Is this the correct way of going about doing this? I'm also not sure if we can assume that $f^{-1}[f[A]] = x$ is always true
On
You might prove it by contradiction like in your attempt. However $$ A\not\subseteq f^{-1}[f[A]] $$ means that
there exists $x\in A$ such that $x\notin f^{-1}[f[A]]$
There's a big difference between “$\notin$” and “$\ne$”.
Since $x\notin f^{-1}[f[A]]$, we have $f(x)\notin f[A]$. However, as $x\in A$, we have $x\in f[A]$: a contradiction.
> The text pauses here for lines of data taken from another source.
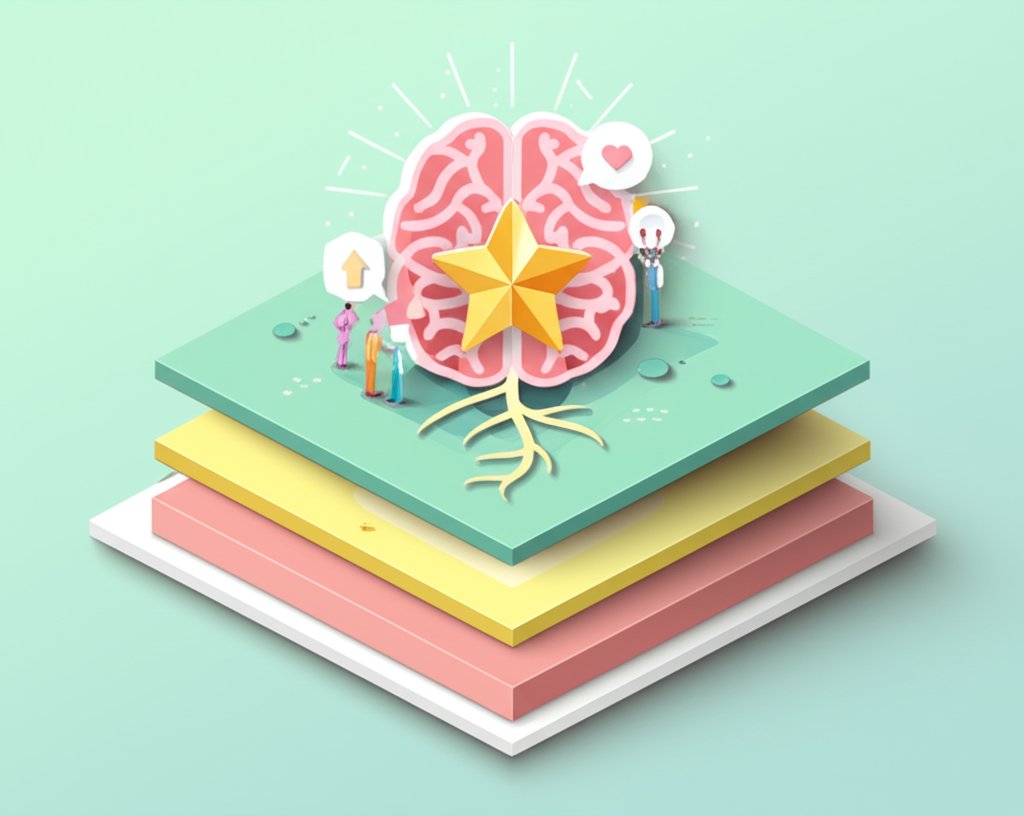 Anatomy of an Affirmation That Sticks: Components for Powerful Self-Talk.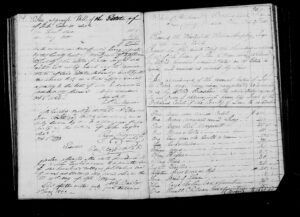 Greene County AL Orphan Court Book A, page 94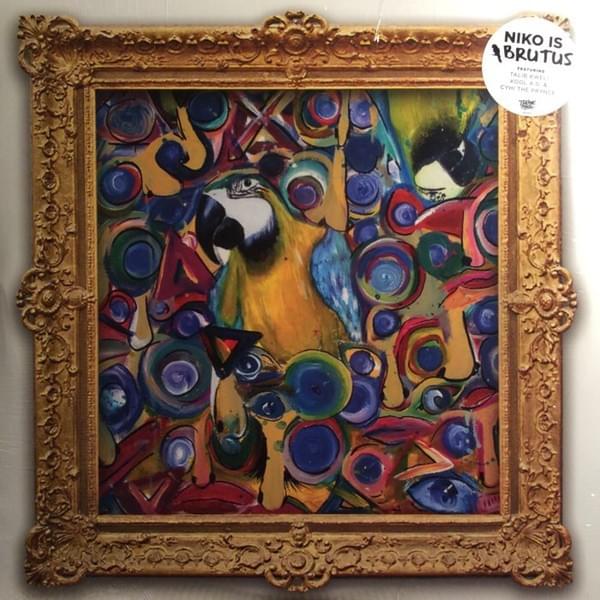 Album cover art for "Cherry Beamer Dreaming" by Talib Kweli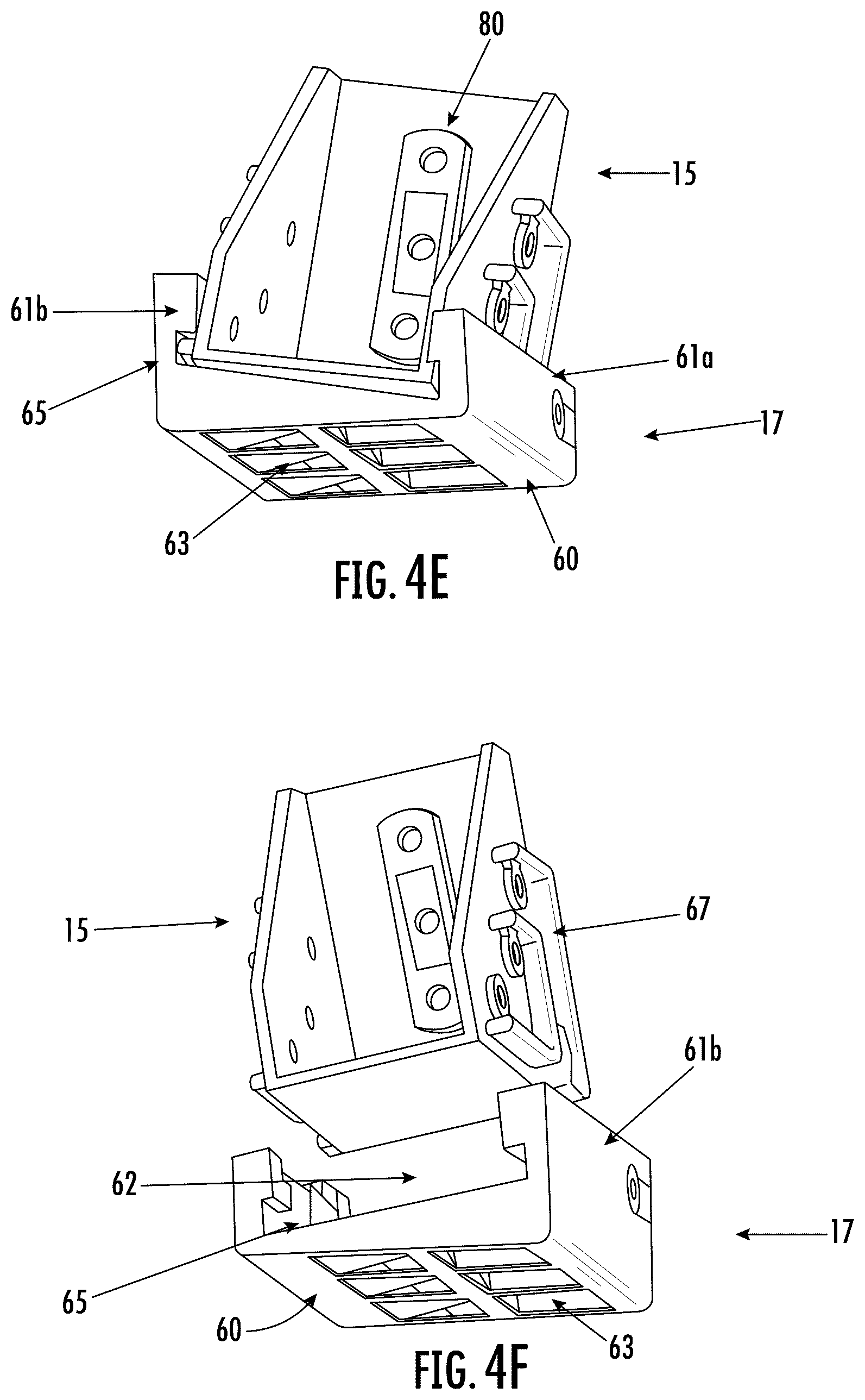 Patent US12139923 Figure 5 – Tent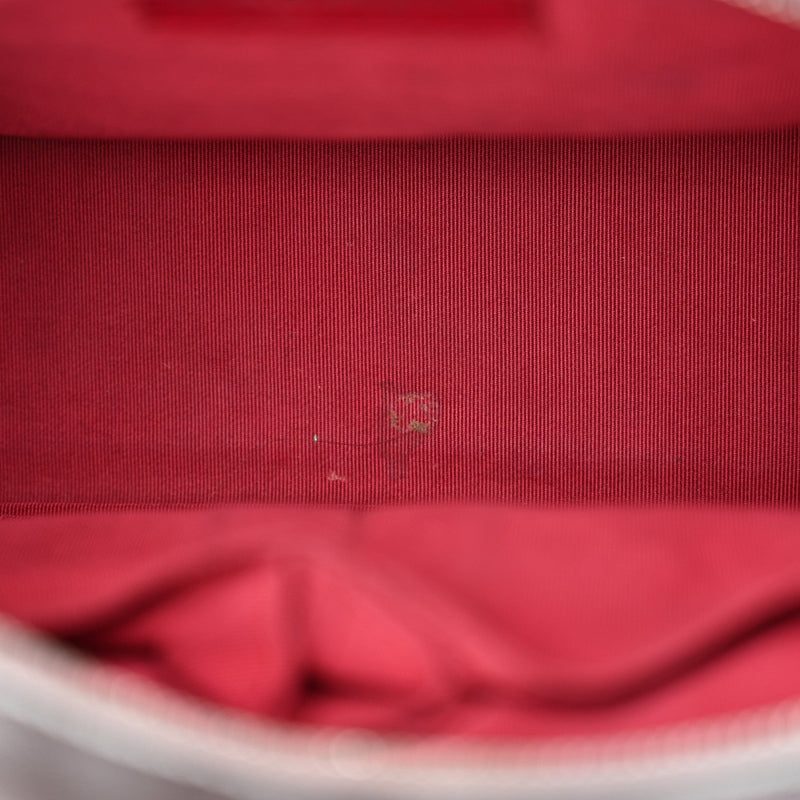 Iridescent Lambskin Calfskin Quilted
Now we can transform this in a proof without contradiction.
Suppose $x\notin f^{-1}[f[A]]$. Then $f(x)\notin f[A]$ and therefore $x\notin A$.
By contrapositive, if $x\in A$, we must have also $x\in f^{-1}[f[A]]$.
The main fact used is that, for $B$ a subset of $Y$ and $x\in X$, $$ x\in f^{-1}[B]\quad\text{if and only if}\quad f(x)\in B $$ applying this to $B=f[A]$.
$f^{-1}[f[A]]$ is a set, and $x$ is an element. They cannot be equal.
The correct way of proving this is: let $x\in A$, then $$f(x)\in \{f(x)\ |\ x\in A\}=f[A]$$ by the definition of image. Now because $f(x)\in f[A]$ (and obviously $x\in X$), we have that $$x\in\{x\in X\ |\ f(x)\in f[A]\}=f^{-1}[f[A]]$$ by the definition of preimage. Therefore $A\subseteq f^{-1}[f[A]]$.